[Task objective]
Exactly the lines from the line containing "Boss FS-5L Footswitch image 5" through the final line of the entries below must be returned, and only those, without pictures.

[Stored items]
============================================================
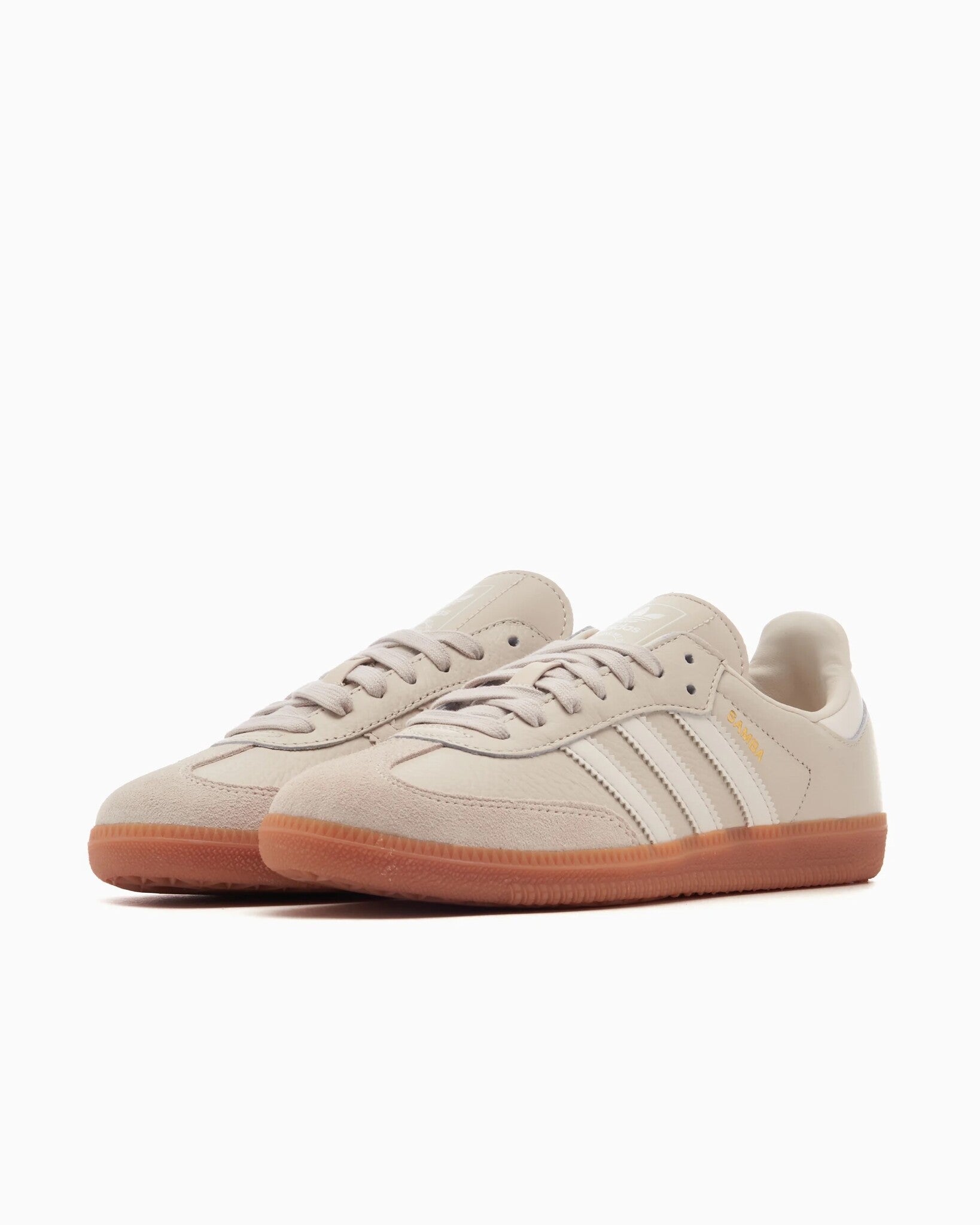 SAMBA OG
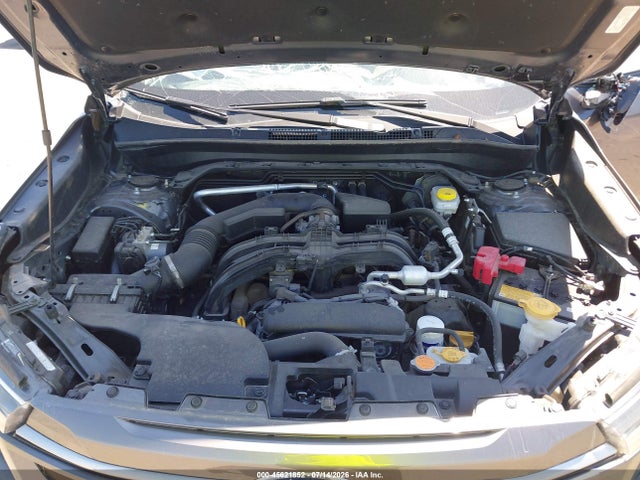 JF2SLDDC8SH586979 Subaru Forester Premium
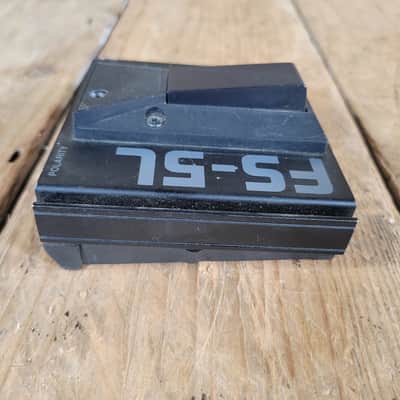 Boss FS-5L Footswitch image 5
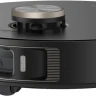 Робот-пылесос Dreame Bot Robot Vacuum and Mop L30 Ultra Black RLX41CE, голосовое управление, время работы до 2 часов, чёрный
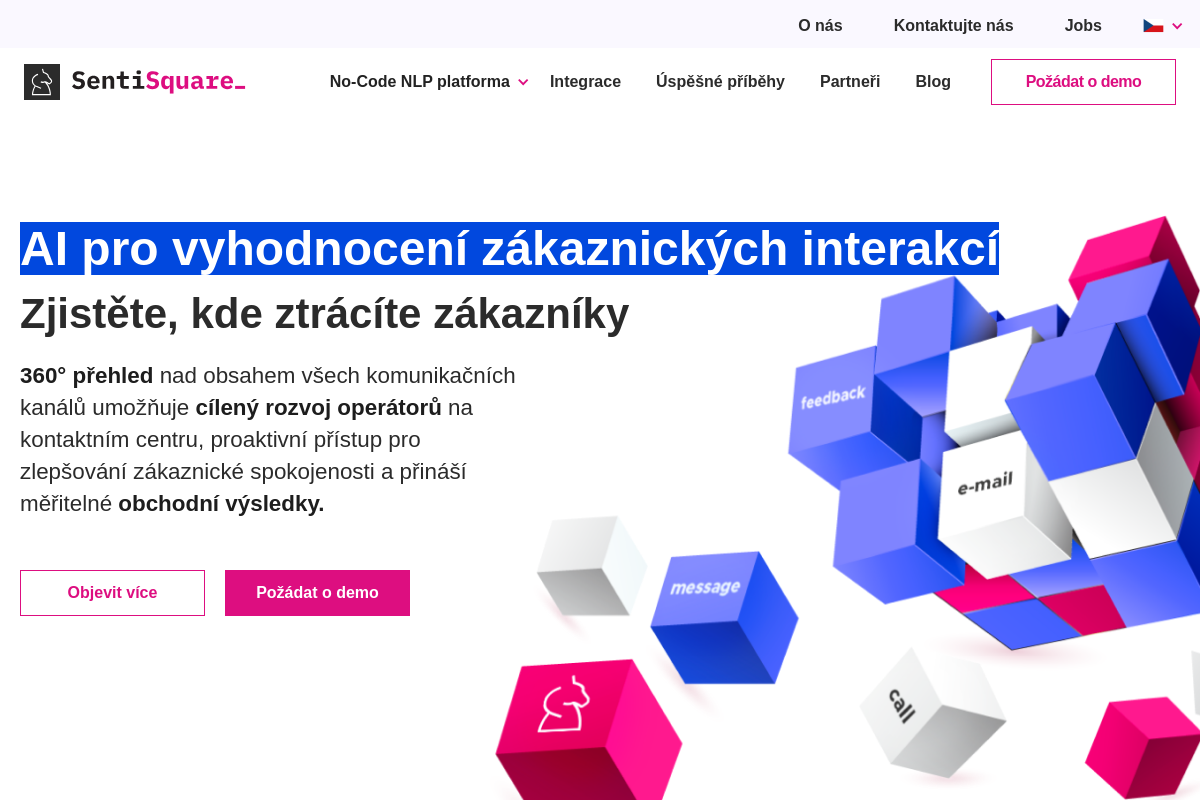 SentiSquare, s.r.o.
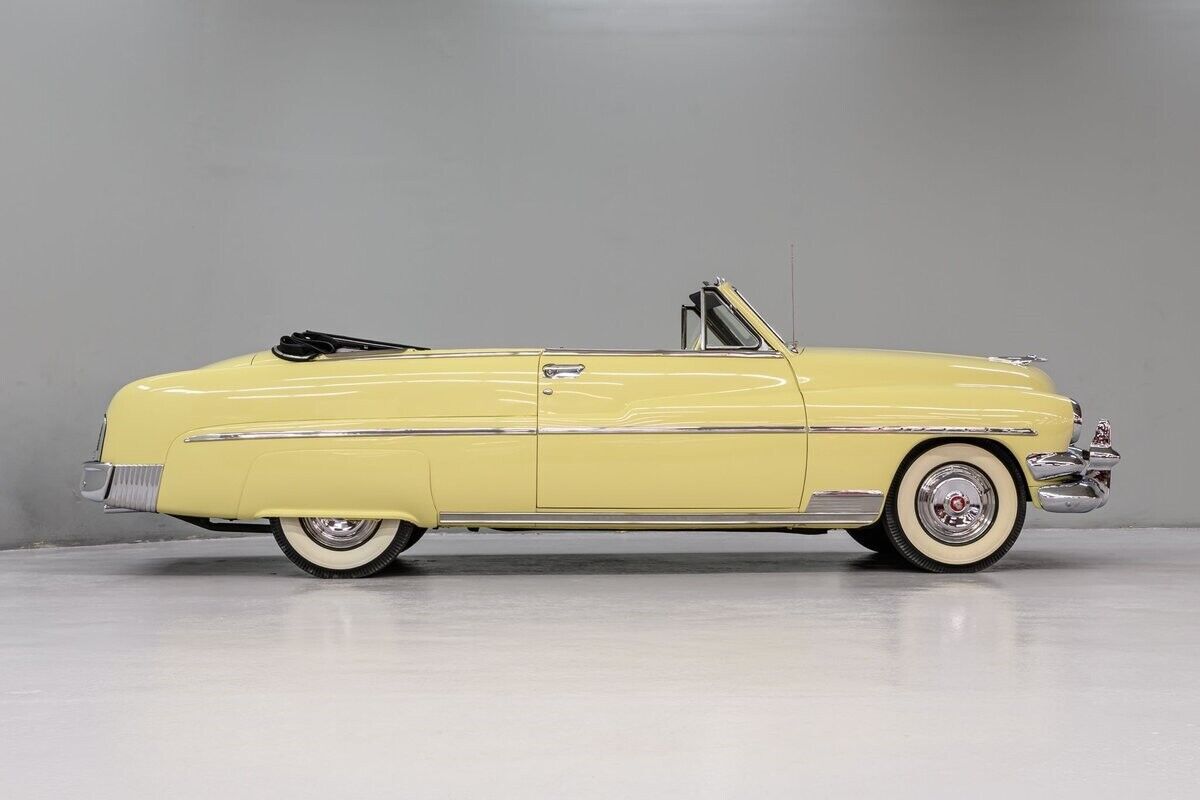 1951 Mercury Monterey - photo 8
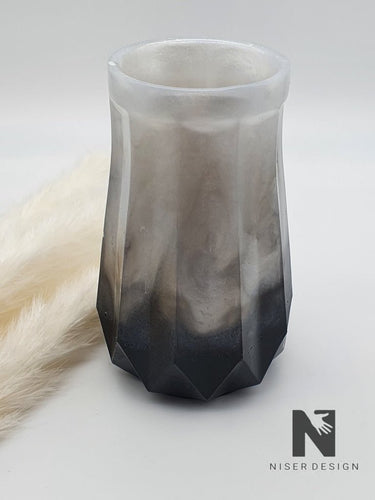 Blumen Vase MOONLIGHT - NISER DESIGN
============================================================
[Output of the exercise]
 Boss FS-5L Footswitch image 5
 Робот-пылесос Dreame Bot Robot Vacuum and Mop L30 Ultra Black RLX41CE, голосовое управление, время работы до 2 часов, чёрный
 SentiSquare, s.r.o.
 1951 Mercury Monterey - photo 8
 Blumen Vase MOONLIGHT - NISER DESIGN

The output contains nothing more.